**BRIEF:**
Only the lines from the one containing "Kritzelbuch von Mareen: Kritzel- und" through the last line of the material should be copied, exactly as written and without pictures.

**COLLECTED DATA:**
---------------

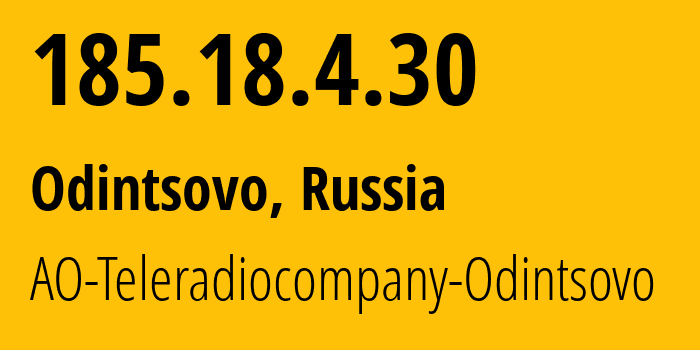 IP-адрес 185.18.4.30 (Одинцово, Московская область, Россия) определить местоположение, координаты на карте, ISP провайдер AS61121 AO-Teleradiocompany-Odintsovo // кто провайдер айпи-адреса 185.18.4.30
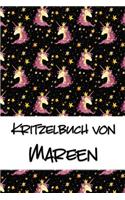 Kritzelbuch von Mareen: Kritzel- und Malbuch mit leeren Seiten für deinen personalisierten Vornamen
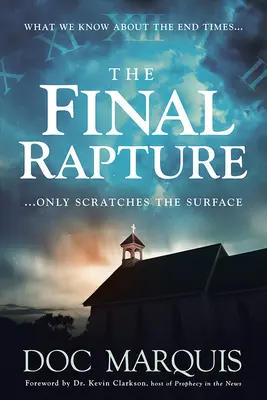 El Rapto Final: Lo que sabemos sobre el fin de los tiempos sólo araña la superficie - The Final Rapture: What We Know about the End Times Only Scratches the Surface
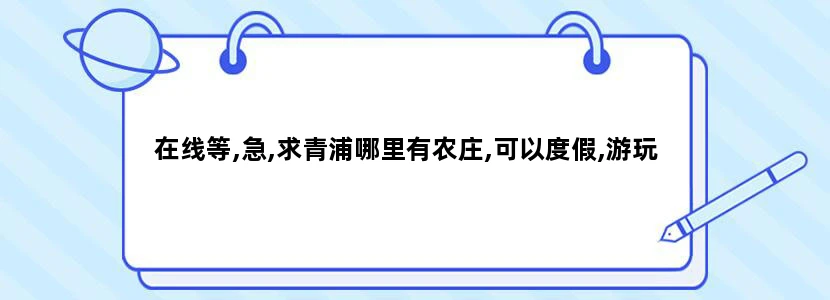 在线等,急,求青浦哪里有农庄,可以度假,游玩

---------------

**RESULT OF THE TASK:**
 Kritzelbuch von Mareen: Kritzel- und Malbuch mit leeren Seiten für deinen personalisierten Vornamen
 El Rapto Final: Lo que sabemos sobre el fin de los tiempos sólo araña la superficie - The Final Rapture: What We Know about the End Times Only Scratches the Surface
 在线等,急,求青浦哪里有农庄,可以度假,游玩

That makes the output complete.